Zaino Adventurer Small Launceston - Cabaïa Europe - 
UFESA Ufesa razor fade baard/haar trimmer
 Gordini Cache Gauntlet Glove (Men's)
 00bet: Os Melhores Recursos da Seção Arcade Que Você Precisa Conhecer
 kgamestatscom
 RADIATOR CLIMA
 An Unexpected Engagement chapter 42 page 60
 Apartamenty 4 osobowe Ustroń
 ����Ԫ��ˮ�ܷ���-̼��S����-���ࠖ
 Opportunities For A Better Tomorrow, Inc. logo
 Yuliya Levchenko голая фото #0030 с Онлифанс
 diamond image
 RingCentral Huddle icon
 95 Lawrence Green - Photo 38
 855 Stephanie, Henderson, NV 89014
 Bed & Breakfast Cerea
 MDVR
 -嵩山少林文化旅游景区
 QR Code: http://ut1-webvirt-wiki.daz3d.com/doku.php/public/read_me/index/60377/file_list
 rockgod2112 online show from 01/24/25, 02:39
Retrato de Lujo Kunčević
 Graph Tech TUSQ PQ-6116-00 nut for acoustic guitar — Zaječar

● ● ● ●

▶ **THE TASK**:
From the entries above, give again exactly the lines running from the line with "RADIATOR CLIMA" to the line with "-嵩山少林文化旅游景区"; include both of those lines.

▶ **RESULT BELOW**:
 RADIATOR CLIMA
 An Unexpected Engagement chapter 42 page 60
 Apartamenty 4 osobowe Ustroń
 ����Ԫ��ˮ�ܷ���-̼��S����-���ࠖ
 Opportunities For A Better Tomorrow, Inc. logo
 Yuliya Levchenko голая фото #0030 с Онлифанс
 diamond image
 RingCentral Huddle icon
 95 Lawrence Green - Photo 38
 855 Stephanie, Henderson, NV 89014
 Bed & Breakfast Cerea
 MDVR
 -嵩山少林文化旅游景区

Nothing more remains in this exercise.